On l'aurait d'abord aperçu en 1837. On l'aurait revu plus tard à travers toute l'Angleterre, de Londres jusqu'à Sheffield et Liverpool, mais il aurait sévi en particulier à Londres. Il aurait agressé des gens et se serait enfui en faisant des sauts de géant dans un éclat de rire sardonique.
Jack Talons-à-Ressort est décrit par ses prétendues victimes comme un homme grand et mince, aux traits diaboliques, avec des mains glacées et griffues, des yeux exorbités et étincelants, et une bouche crachant le feu. « Son visage était hideux, ses yeux comme des boules de feu, et il crachait des flammes bleues et blanches.

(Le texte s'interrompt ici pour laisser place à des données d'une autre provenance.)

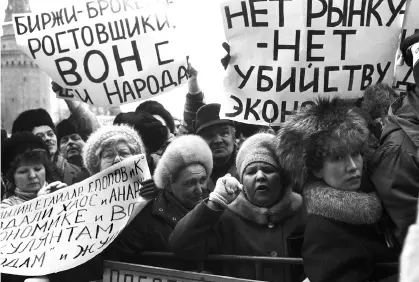 Участники митинга на Манежной площади протестующие против перехода к рыночным - фото 11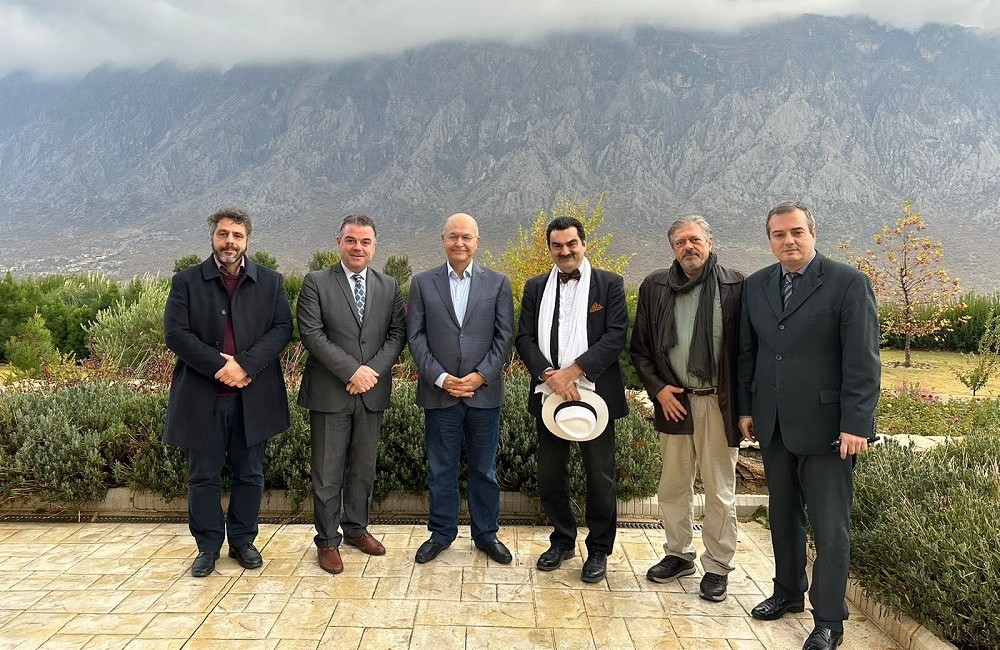  Ομάδα εκπροσώπων της Φιλοσοφικής Σχολής Αθηνών στο ιρακινό Κουρδιστάν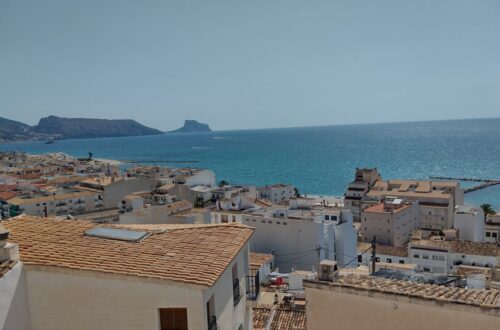 Las aguas del Mediterráneo bañando la costa de Altea, en Alicante.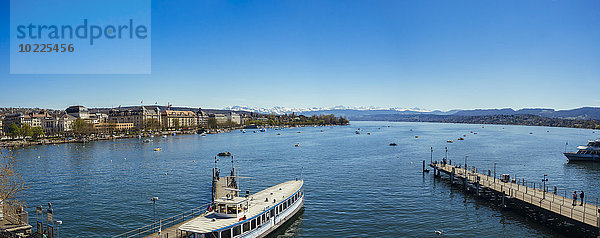 Schweiz  Zürich  Stadtbild  Zürichsee  Alpen im Hintergrund  Panorama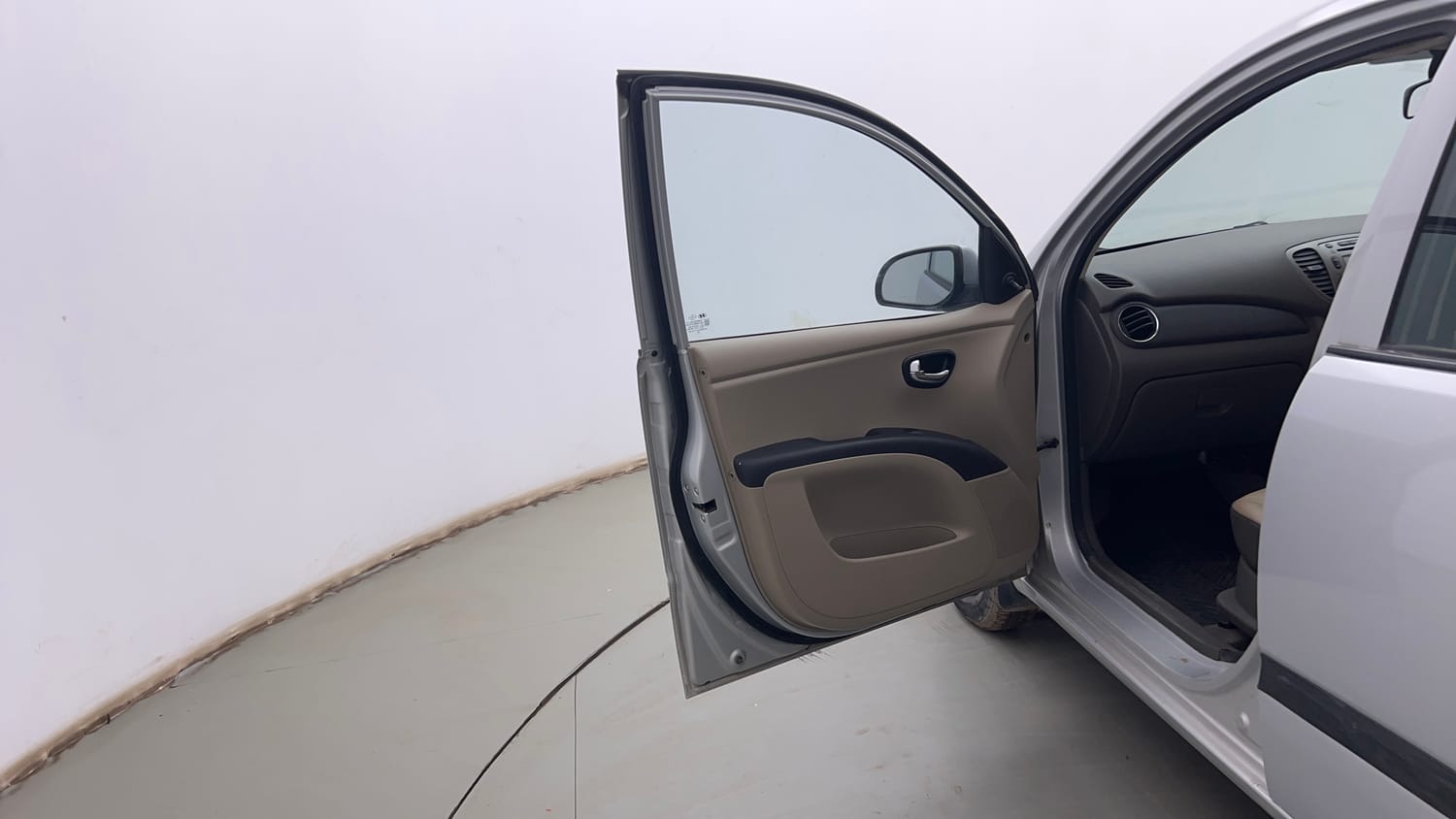 Used 2016 Hyundai i10 Sportz 1.1 iRDE2 Petrol Manual interior LEFT FRONT DOOR OPEN VIEW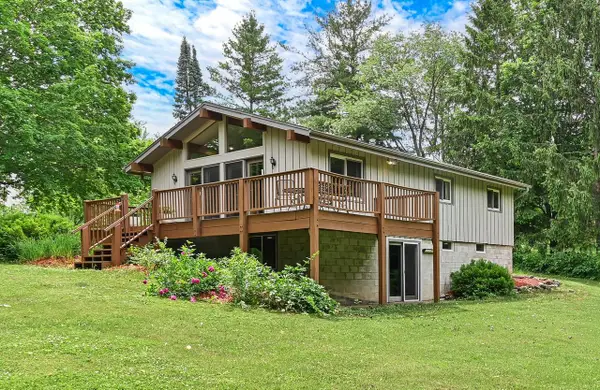 W277S8435 Riverview DRIVE, Mukwonago, WI 53149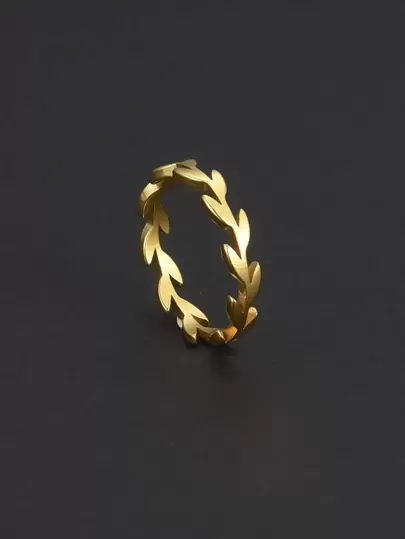 Fashionable and Popular Men Leaf Design Ring Stainless Steel for Jewelry Gift and for a Stylish Look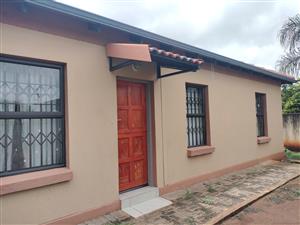 Charming 3 bedroom townhouse to Let.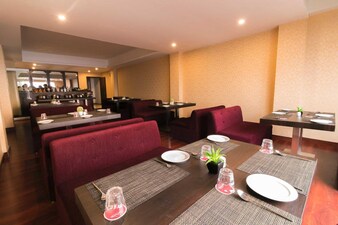 Summit Denzong Renaissance Hotel And Spa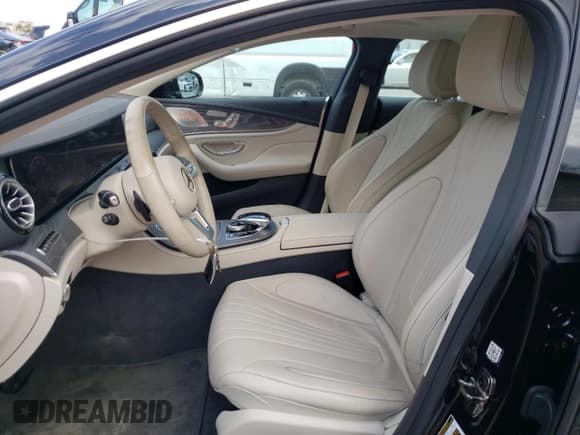 ✅ 2020 Mercedes-Benz CLS 450 • VIN: WDD2J5KB8LA051655 • Lot: 42011193. Wystawiony na Copart z przebiegiem 18 558 mil. Bezpłatny archiwum sprzedaży aukcyjnych z USA i szczegółowy raport historii pojazdu na DreamBid. Zdjęcie 7.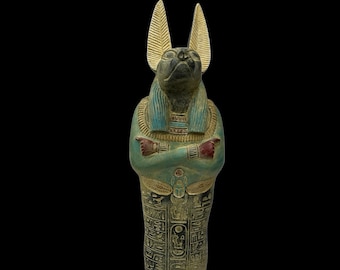 ツタンカーメンのミイラ化過程における黒と金のエジプト神アヌビス像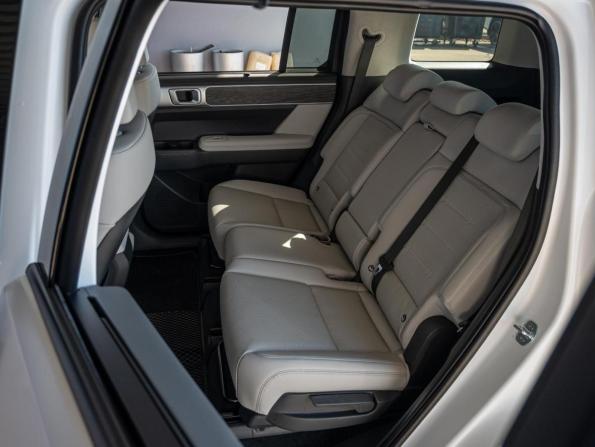 Hyundai Santa Fe V (MX5) с пробегом 2024 года, цена 5 400 000 рублей, 18301 км, внедорожник, Автокод Объявления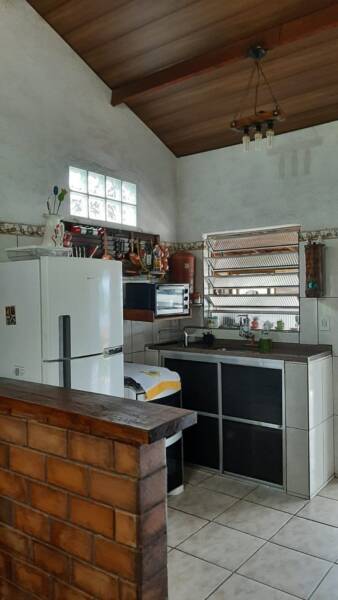 Vende-se chácara estilo rústico em biritiba mirim, 1000 m² apenas 600 mil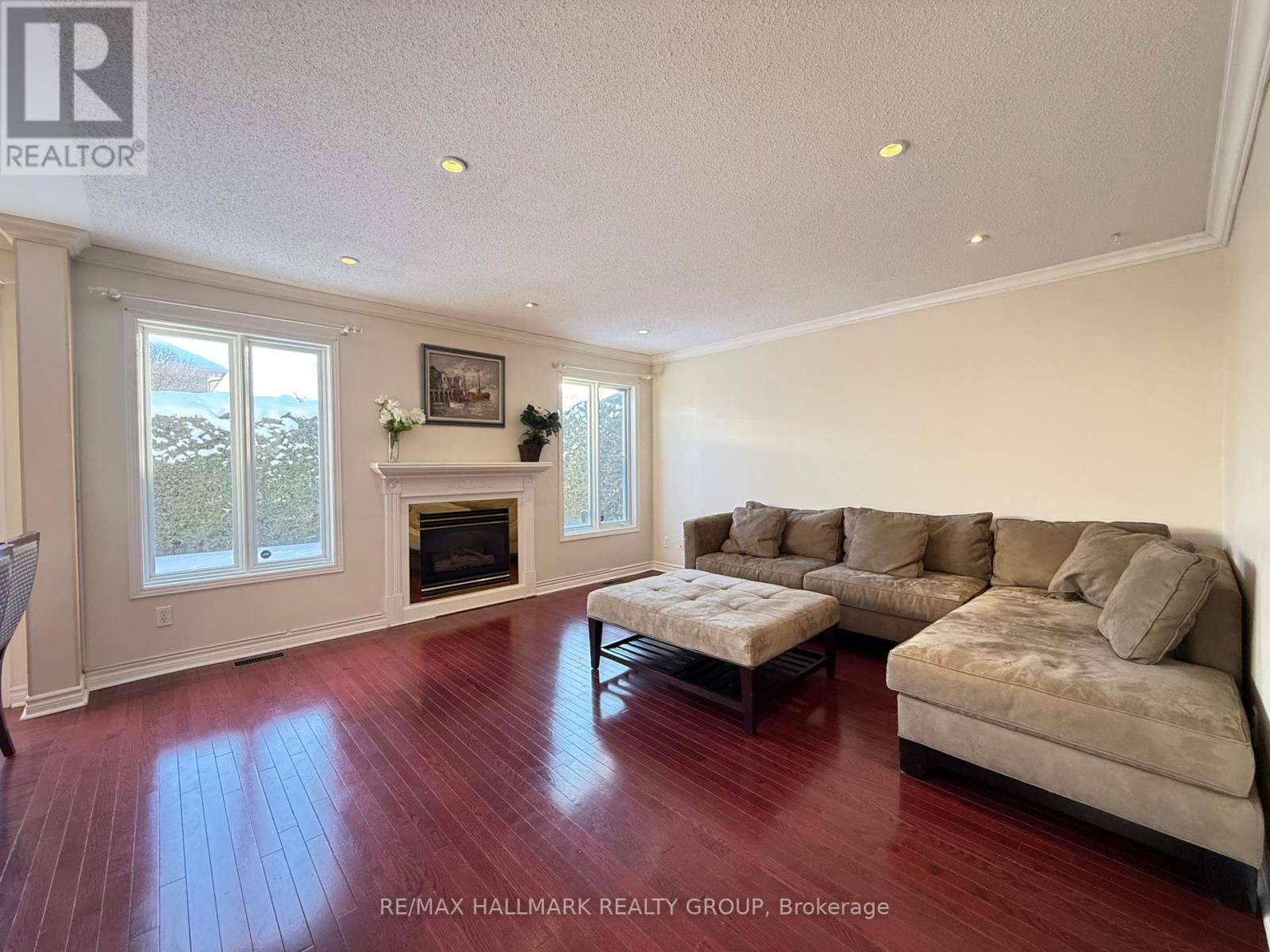 2 Kentsdale Drive, Ottawa, Ontario  K2G 6K2 - Photo 8 - X12604338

Ses mains étaient comme des serres, mais froides comme la glace. Il portait comme un casque très serré sur la tête, et un costume blanc moulant sous sa cape noire. » Jane Aslop. Les avis sont partagés : pour les uns il s'agit d'un démon, pour les autres d'un extra-terrestre ou encore d'un farceur déguisé qui aurait fabriqué des chaussures spéciales lui permettant de rebondir.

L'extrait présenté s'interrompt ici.